Start of MATERIALS PROVIDED

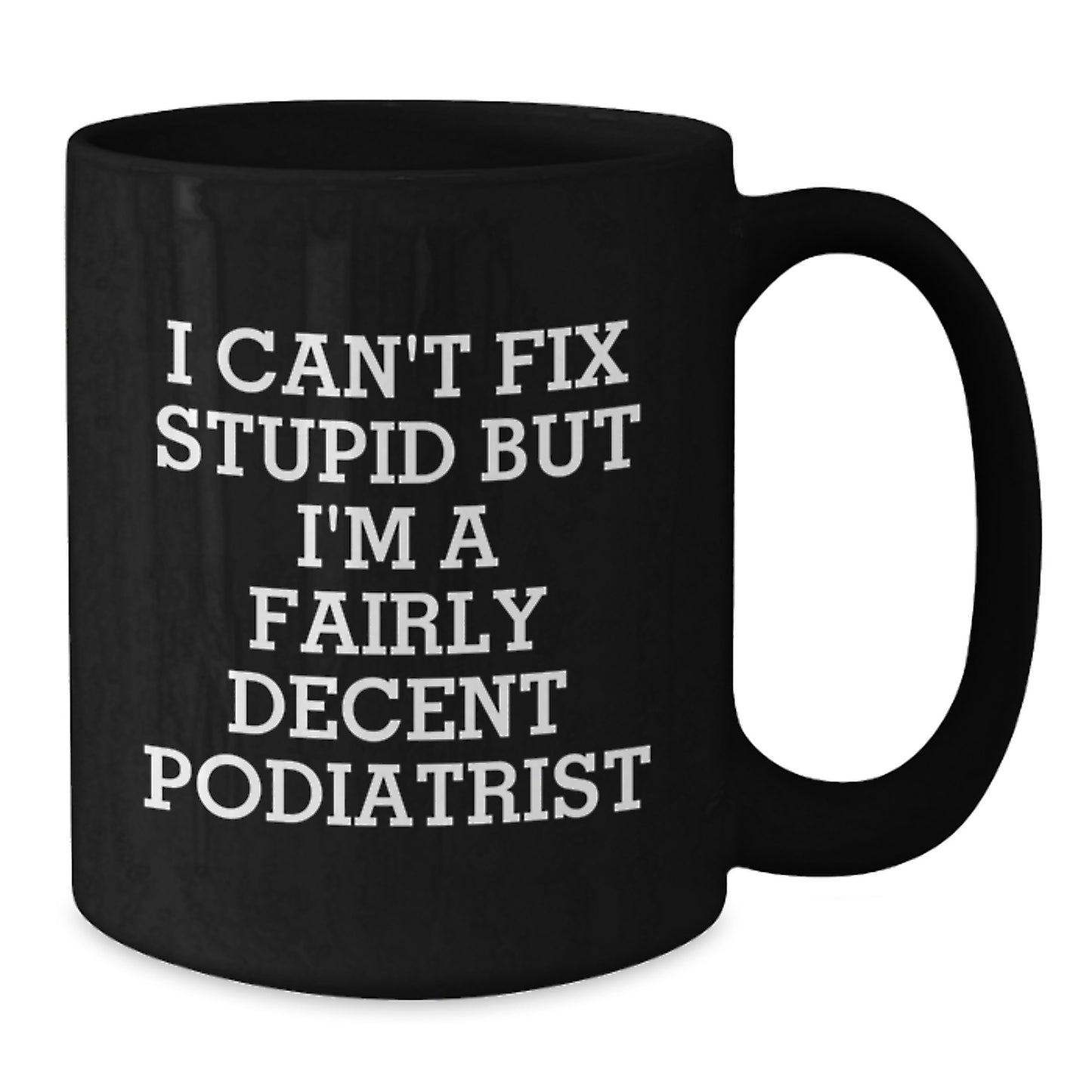 Funny Podiatrist Mugs, I Can't Fix Stupid But I'm A Fairly Decent Podiatrist Gifts for Podiatrist Birthday Unique Gifts from Friends to Podiatrist - Additional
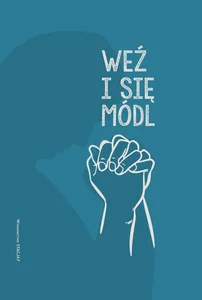 Modlitewnik Weź i się módl wyd. 5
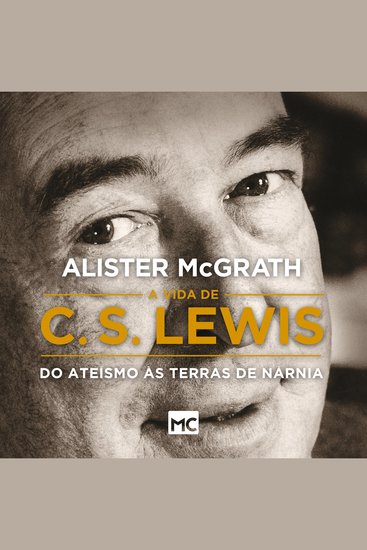 A vida de C S Lewis - Do ateísmo às terras de Nárnia - cover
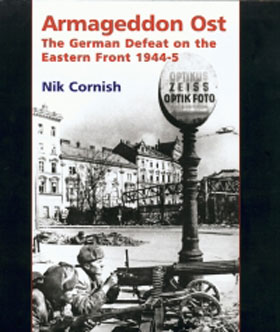 ARMAGEDDON OST THE GERMAN DEFEAT ON THE EASTERN FRONT 1944-45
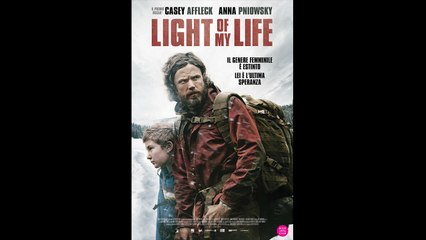 LIGHT OF MY LIFE (2019) italiano Gratis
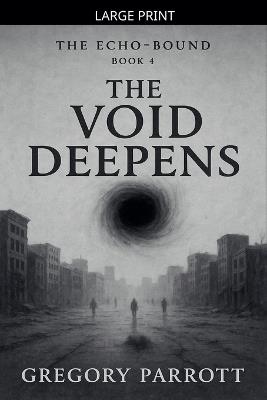 The Void Deepens - Gregory Parrott - cover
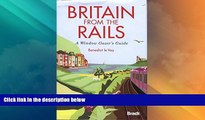 Big Deals  Britain from the Rails: A Window Gazer s Guide (Bradt Rail Guides)  Best Seller Books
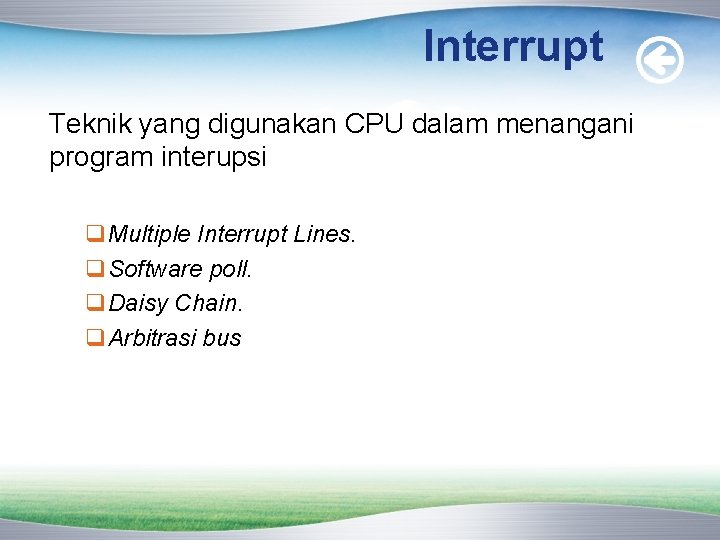 Interrupt Teknik yang digunakan CPU dalam menangani program interupsi q. Multiple Interrupt Lines. q.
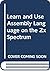 Learn and Use Assembly Language on the Zx Spectrum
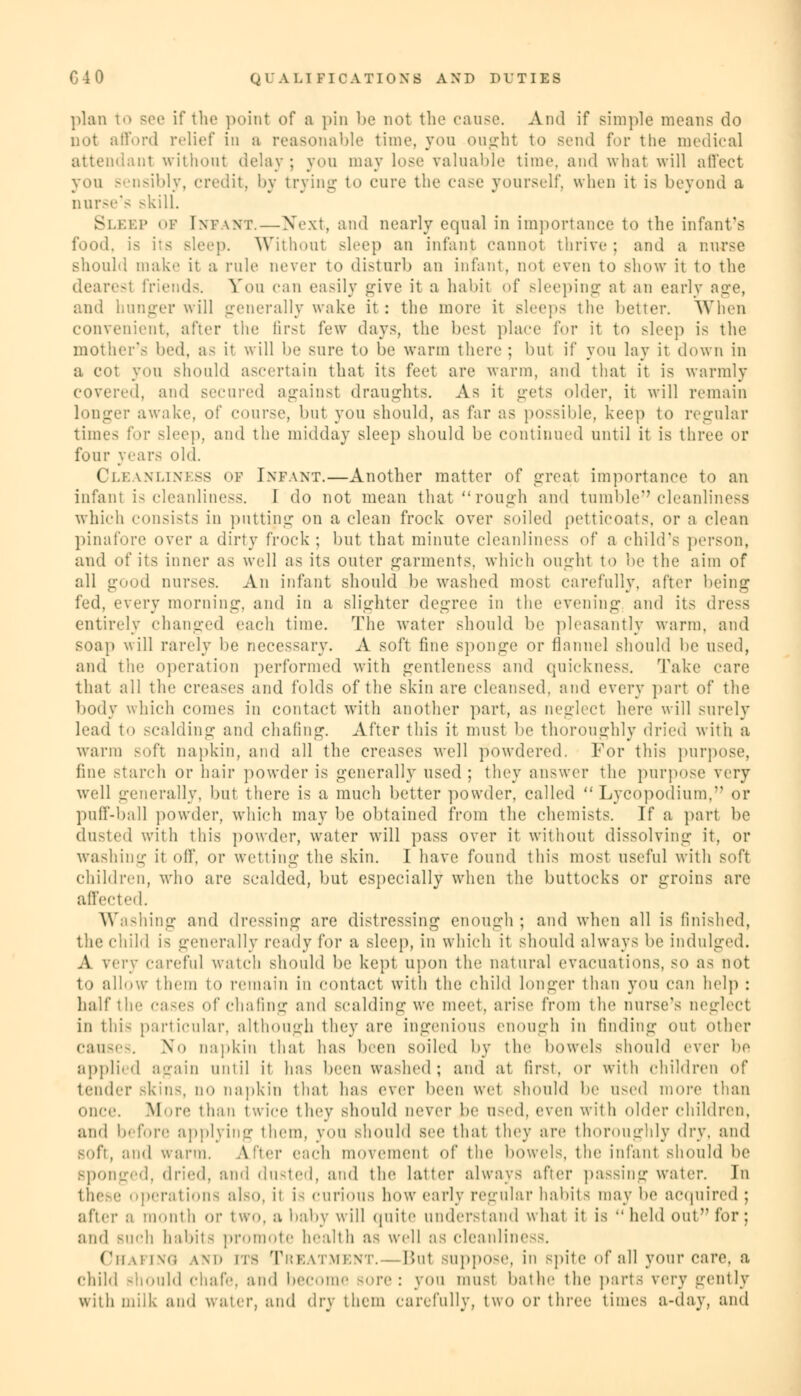 plan to see if the point of a pin be not the cause. And if simple means do not afford relief in a reasonable time, you ought to send for the medical attendant without delay ; you may lose valuable time, and what will ail'ect you sensibly, credit, by trying to cure the case yourself, when it is beyond a nurse's -kill. Sleep of Intwt.—-Next, and nearly equal in importance to the infant's food, is its sleep. Without sleep an infan) cannot thrive; and a nurse should make it ;l pule never to disturb an infant, nol even to show it to the dearesl friends. You can easily give it a habil of sleeping at an early age, and hunger will generally wake it: the more it sleeps the better. When convenient, after the first few days, the best place for it to sleep is the mother's bed, a- it will be sure to be warm there ; but if you lay it down in a cot you should ascertain that its feet are warm, and that it is warmly covered, and secured against draughts. As it gets older, it will remain longer awake, of course, but you should, as far as possible, keep to regular times for sleep, and the midday sleep should be continued until it is three or four years old. Cleanliness of Infant.—Another matter of great importance to an infant is cleanliness. I do not mean that rough and tumble cleanliness which consists in putting on a clean frock over soiled petticoats, or a clean pinafore over a dirty frock ; but that minute cleanliness of a child's person, and of its inner as well as its outer garments, which ought to be the aim of all good nurses. An infant should be washed most carefully, after being fed, every morning, and in a slighter degree in the evening and its dress entirely changed each time. The water should be pleasantly warm, and soap will rarely be necessary. A soft fine sponge or flannel should be used, and the operation performed with gentleness and quickness. Take care that all the creases and folds of the skin are cleansed, and every part of the body which comes in contact with another part, as neglect here will surely lead to scalding and chafing. After this it must be thoroughly dried with :i warm -oft napkin, and all the creases well powdered. For this purpose, line starch or hair powder is generally used ; they answer the purpose very well generally, but there is a much better powder, called  Lycopodium, or puff-ball powder, which may be obtained from the chemists. If a part be dusted with this powder, water will pass over it without dissolving it, or washing it off, or wetting the skin. I have found this most useful with soft children, who are scalded, but especially when the buttocks or groins are affected. Washing and dressing are distressing enough ; and when all is finished, the child is generally ready for a Bleep, in which it should always be indulged. A very careful watch should be kept upon the natural evacuations, so as not to allow them to remain in contact with tin; child longer than you can help : half the cases of chafing and scalding we meet, arise from the nurse's neglect in this particular, although they are ingenious enough in finding out other Causes. No napkin that has been BOlled by the bowels should ever be applied again until it 1ms been washed; and at first, or witli children of lender Bkin8, no napkin that has ever been wet should lie used more than once. More than twice they should never be \\<<'d, even with older children, and before applying them, you should see that they are thoroughly dry, and soft, and warm. After each movement of the bowels, the infant should be Sponged, dried, and dinted, and the latter always after passing water. In these Operations al80, it i- curious how early regular habits may be acquired : after a mouth or two, a baby will quite understand what it is  held out for ; and BUCh habits promote health as well :is cleanliness. Chafing and its Treatment.—Bui suppose, in spite of all your care, a child should chafe, and become sore: you must bathe the parts very gently with milk and water, and dry them carefully, two or three times a-day, and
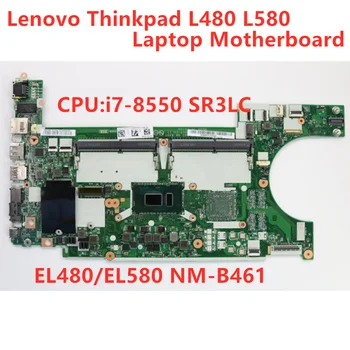 Jaunas Oriģinālas Lenovo Thinkpad L480 L580 Klēpjdators Mātesplatē EL480/EL580 NM-B461 PROCESORS:i7-8550 Mainboard
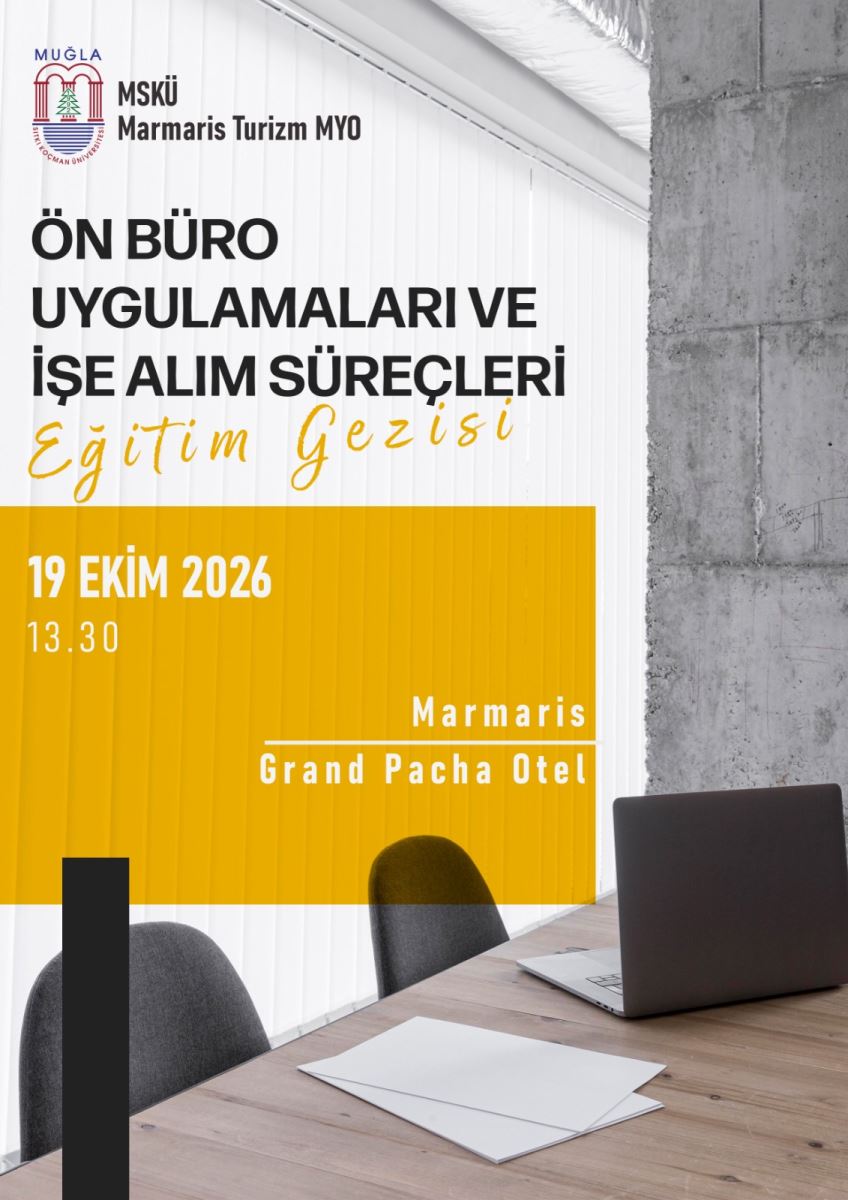 Afişin arka planında aydınlık, modern bir ofis / toplantı odası fotoğrafı var. Ön planda açık renk ahşap bir masa görülüyor. Masanın üzerinde açık duran koyu renk bir dizüstü bilgisayar ve üst üste konulmuş iki beyaz kağıt var. Masanın yanında koyu gri kumaşlı iki sandalye var. Arka planda tavana kadar uzanan beyaz dikey jaluzi perdeler ve sağ tarafta gri, dokusu belirgin bir beton duvar görülüyor. Fotoğraf sade ve kurumsal bir atmosfer veriyor.  En üst bölüm: Sol üst köşede üniversite logosu var. Logoda kırmızı iki sütun arasında yeşil bir çam ağacı ve altta mavi dalga çizgileri bulunuyor. Üstünde küçük mavi harflerle MUĞLA yazıyor. Logonun sağında siyah harflerle: MSKÜ Marmaris Turizm MYO yazıyor.  Başlık: Ortada büyük, kalın siyah harflerle üç satır halinde: ÖN BÜRO UYGULAMALARI VE İŞE ALIM SÜREÇLERİ  Bu siyah başlığın hemen altında, el yazısı tarzında sarı renkli, italik bir yazıyla: Eğitim Gezisi yazıyor.  Alt bilgi - Tarih, saat, yer: Başlığın altında, fotoğrafın üzerine yerleştirilmiş geniş, hardal sarısı bir dikdörtgen blok var. Blokun içinde beyaz harflerle şunlar yazıyor: Sol üstte büyük harflerle: 19 EKİM 2026 Altında: 13.30  Blokun sağ alt köşesinde, aralarında ince beyaz bir çizgi ile ayrılmış şekilde: Marmaris Grand Pacha Otel  Bu, gezinin yapılacağı otelin adı ve yeridir.  Sol alt köşede ince, dikey siyah bir şerit grafik öğe olarak eklenmiş.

End of MATERIALS PROVIDED

→ WORK ITEM
Start with the line above containing "Interrupt Teknik yang" and end with the line containing "Learn and Use". Set down that stretch exactly, without any pictures.

→ ANSWER TO THIS PROBLEM
 Interrupt Teknik yang digunakan CPU dalam menangani program interupsi q. Multiple Interrupt Lines. q.
 Learn and Use Assembly Language on the Zx Spectrum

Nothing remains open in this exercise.